During a tour, he showed them Anthony van Dyck’s painting A Family Group, and recounted a conversation that took place when the Queen and Prince Philip made a visit to Chequers in February — their first in almost two decades.
According to Mr Cameron, Her Majesty commented that she had the original of the painting at Windsor Castle. But the Premier then told how, in a toe-curlingly awkward moment, the curator at Chequers interjected to correct the Queen, pointing out the version she was looking at was the original and that her painting at Windsor was the copy.
While the story delighted guests, it appears to once again breach protocol which demands private conversations with the Queen are not discussed.
Which is all very amusing, except for the fact that the Queen (who knows her art) was absolutely right. The two group portraits by Van Dyck that would match the description given here of 'A Family Group' are the so-called 'Great Piece' of Charles I and Henrietta Maria with Charles II and Princess Mary and The Five Eldest Children of Charles I, and both are in the Royal Collection. Chequers has a copy of part of the former (with just Henrietta Maria and Princess Mary) and a full-scale copy of the latter. These are both listed in the 2004 Van Dyck catalogue raisonné as copies.
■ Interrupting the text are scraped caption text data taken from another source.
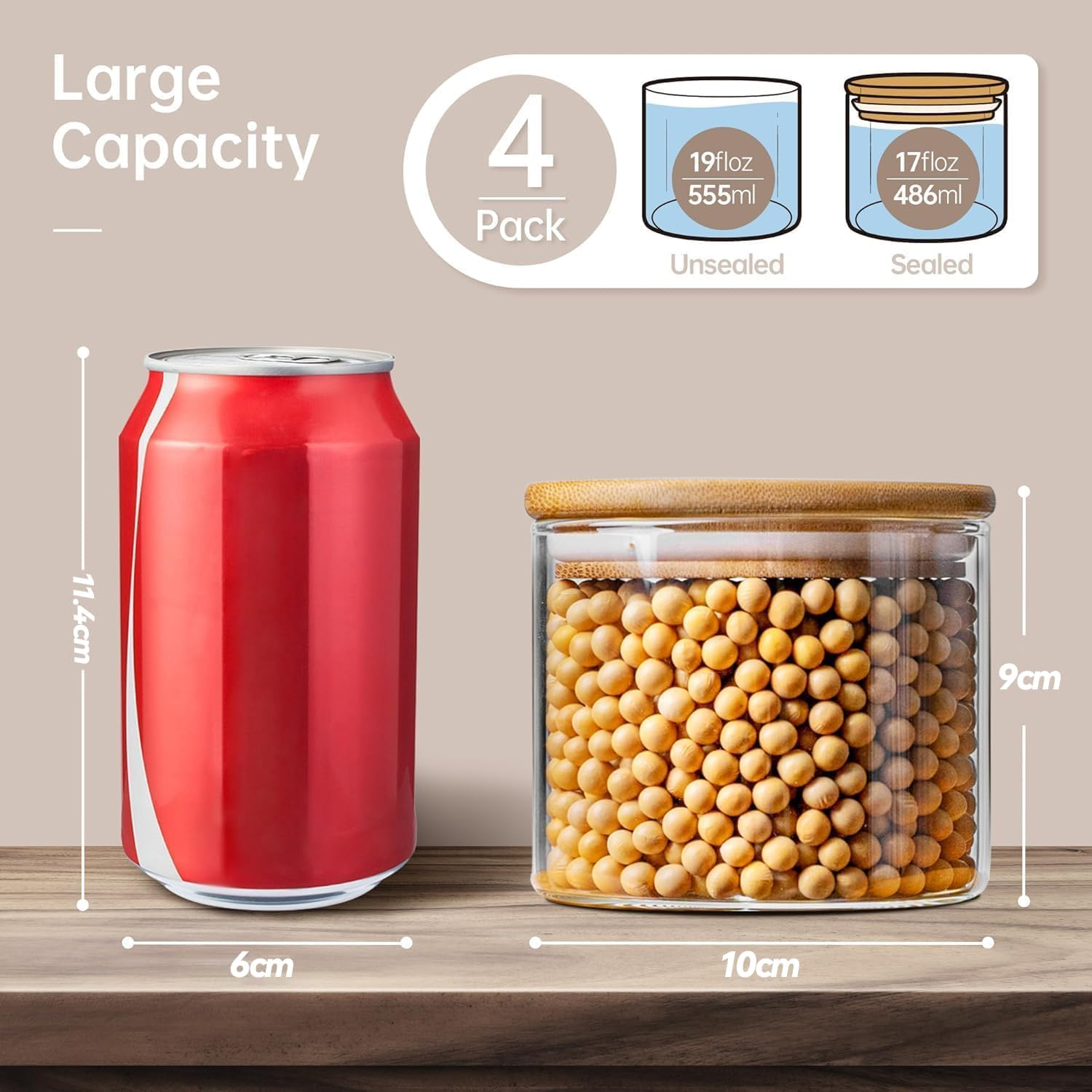 17Oz - 4 Pack Glass Jars with Bamboo Lids, Glass Food Storage Containers with Airtight Lids, Air Tight Pantry Storage Containers for Coffee, Sugar, Spice, Meal Prep Jars for Salad & Fruit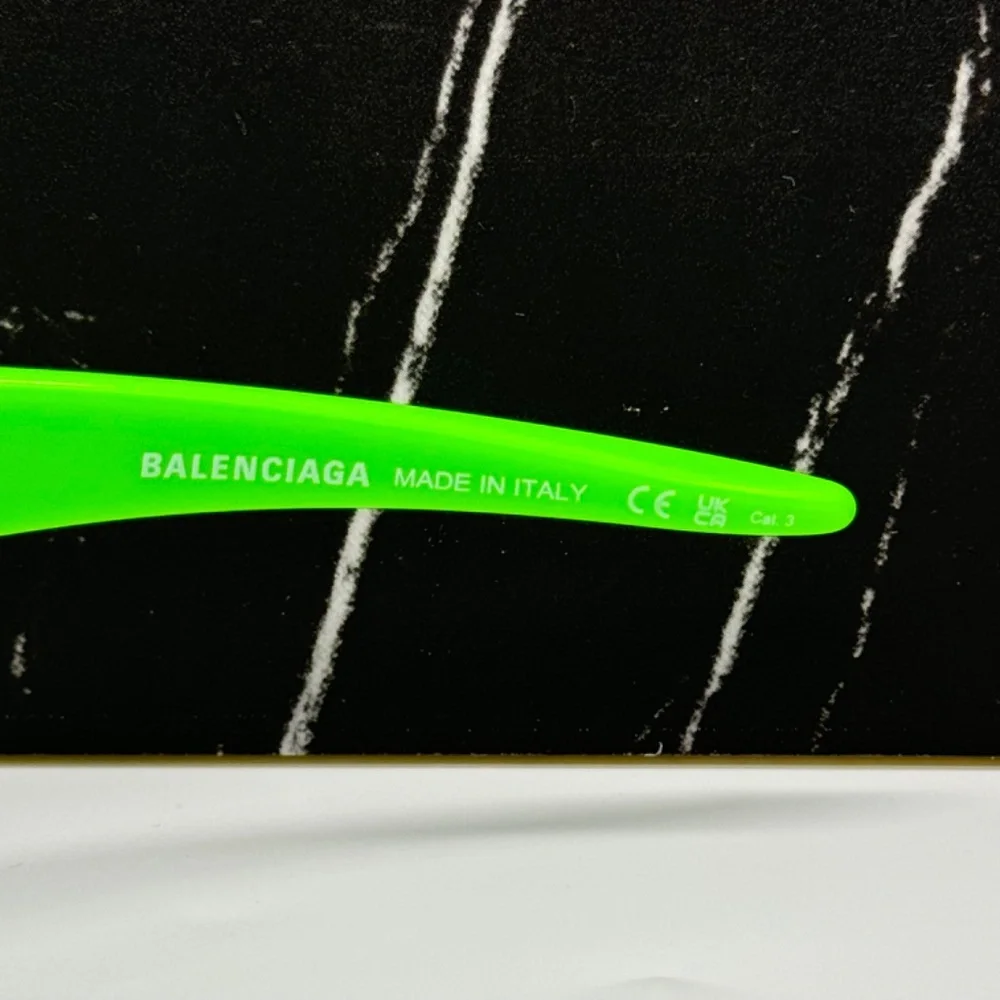 NEW BB0253S 005 BALENCIAGA GREEN GREY OVAL UNISEX BALENCIAGA SUNGLASSES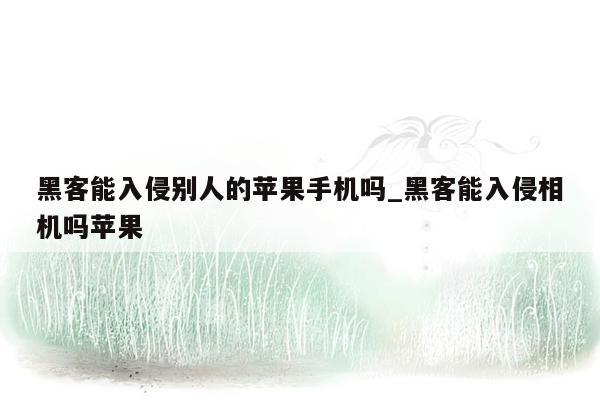 黑客能入侵别人的苹果手机吗_黑客能入侵相机吗苹果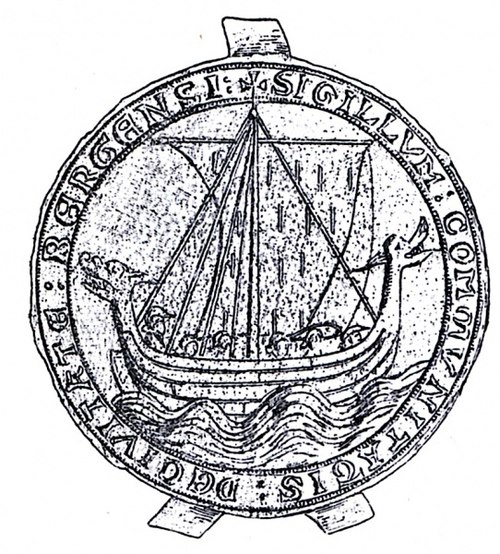 The city seal of Bergen depicts a Viking longship — possibly a drakkar.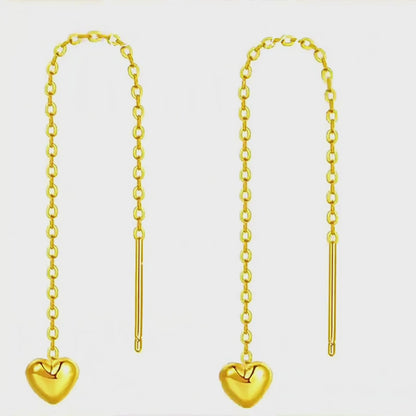 18K Solid Gold Threader Earrings, Heart, Star, Pearl, Butterfly, Bow Designs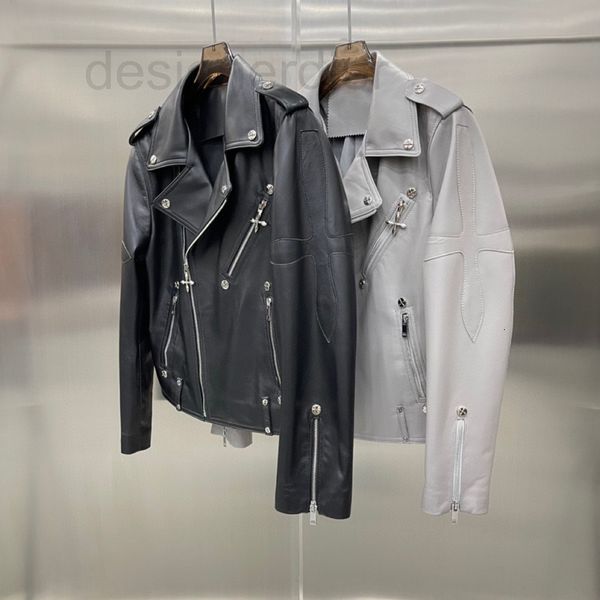 women's leather & faux designer 2022 early spring new genuine leather sheepskin motorcycle lapel long sleeve temperament luxurious coat, Black
women's leather & faux designer 2022 early spring new genuine leather sheepskin motorcycle lapel long sleeve temperament luxurious coat, Black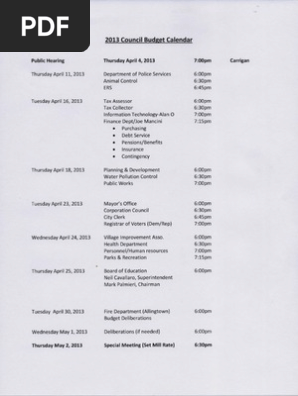 2013 Budget Schedule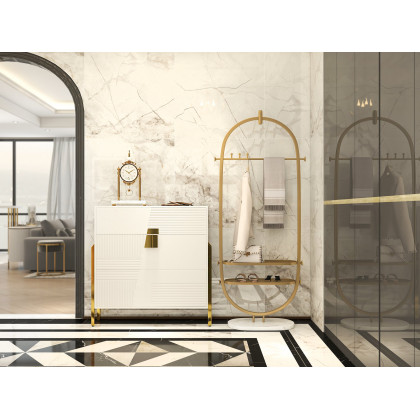 HMR - Oval Garment Rack with 2-Tier Shelves and Faux Marble Base in Gold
If the curator at Chequers really did not know that Van Dyck's original was indeed in the Royal Collection, they should be sent to the Tower.
Update - AHN's reaction to the Standard story has been picked up by the media, including the Telegraph here, the Express here and The Times here. But the PM has today given a barnstorming conference speech, with tax cuts to boot, so this Van Dyck business will be very swiftly forgotten.
Update II - a reader writes:
Would that Her Majesty still had the power to send a curator to The Tower and have a PM (who made him a Premier) exiled (to Scotland) for indiscretion.
Update III - a reader adds:
The Cameron Van Dyke story puts one in mind of Alan Bennett's "A Question of Attribution." Her Majesty likes facts.